Data Structures for Humans

Just as there are atomic algorithms there are also atomic data strutures. These essentially amount to different objects to store data in, each object following a conveniently designed protocol. In this post I’m going to go through the most common ones that every coder should just sort of know. Namely: linked lists, hash tables, stacks, queues and r rooted trees.

This may sound like a lot for a single post, but as we’ll see, a lot of the protocols kind of boil do to a single use case - storing data, and accessing it conveniently in order to implement different algorithms. Implementation of algorithms is key here, the design of data structures is intrinsically interesting from a maths perspective, but their design is heavily influenced by the problems you can solve by using them.

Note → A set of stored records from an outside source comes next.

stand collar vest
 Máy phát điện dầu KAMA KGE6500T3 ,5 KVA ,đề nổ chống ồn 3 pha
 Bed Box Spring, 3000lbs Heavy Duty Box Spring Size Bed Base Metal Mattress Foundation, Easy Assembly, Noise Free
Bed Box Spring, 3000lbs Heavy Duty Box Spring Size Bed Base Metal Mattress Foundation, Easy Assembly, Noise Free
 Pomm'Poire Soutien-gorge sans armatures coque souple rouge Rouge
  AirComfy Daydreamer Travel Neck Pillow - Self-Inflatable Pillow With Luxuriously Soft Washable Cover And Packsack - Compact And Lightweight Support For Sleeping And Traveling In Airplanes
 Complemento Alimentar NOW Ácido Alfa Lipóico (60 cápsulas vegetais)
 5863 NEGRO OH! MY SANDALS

Similar to the previous post on algorithms I’m going to go through the above data structures one by one, and write a simple Python implementation of the protocol. Furthermore, as a Python programmer I’m also going to write a little bit about how Python implements these data structures as language primitives (i.e. for free!) as it doesn’t necessarily strictly adhere to the above protocols as described in CS textbooks but they do offer some convenient extras that are special to the language. My aim here is simply to make visible all the moving parts.

Stacks and Queues

Stacks

Stacks and queues are well named, and would behave as you would expect for such objects. Stacks operate under ‘Last In First Out’ (LIFO), like a stack of plates - you would get to the bottom plate by first removing the plates on top of it. Whereas queues operate under ‘First In First Out’ (FIFO), much like standing in a (well functioning) queue.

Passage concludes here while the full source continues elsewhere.